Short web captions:
'''

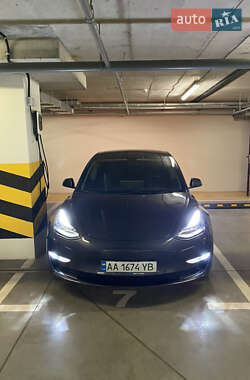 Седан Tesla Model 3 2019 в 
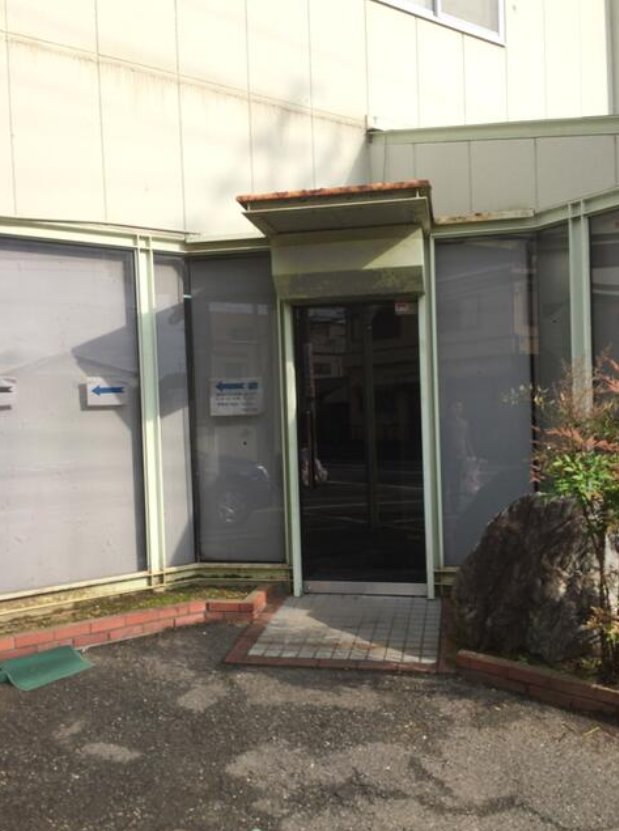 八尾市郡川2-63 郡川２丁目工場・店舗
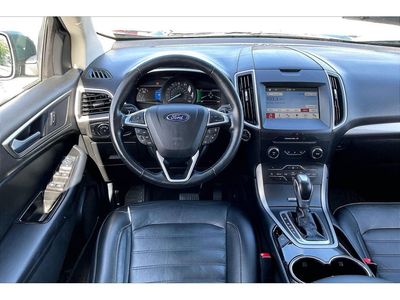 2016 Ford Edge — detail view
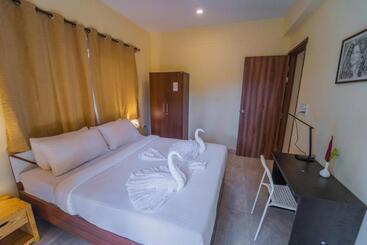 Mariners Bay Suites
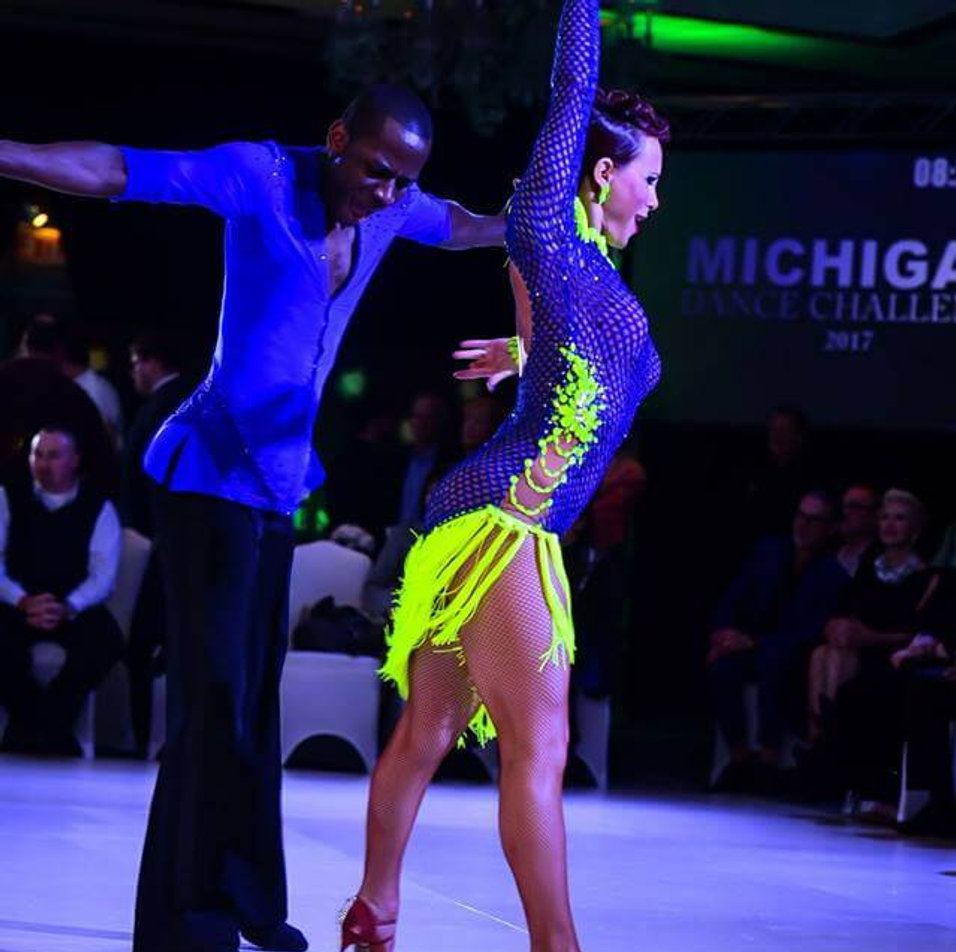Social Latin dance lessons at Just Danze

'''

TASK DIRECTIONS:
A verbatim copy of every entry is wanted; the pictures stay out of it.

WRITTEN REPLY:
 Седан Tesla Model 3 2019 в 
 八尾市郡川2-63 郡川２丁目工場・店舗
 2016 Ford Edge — detail view
 Mariners Bay Suites
Social Latin dance lessons at Just Danze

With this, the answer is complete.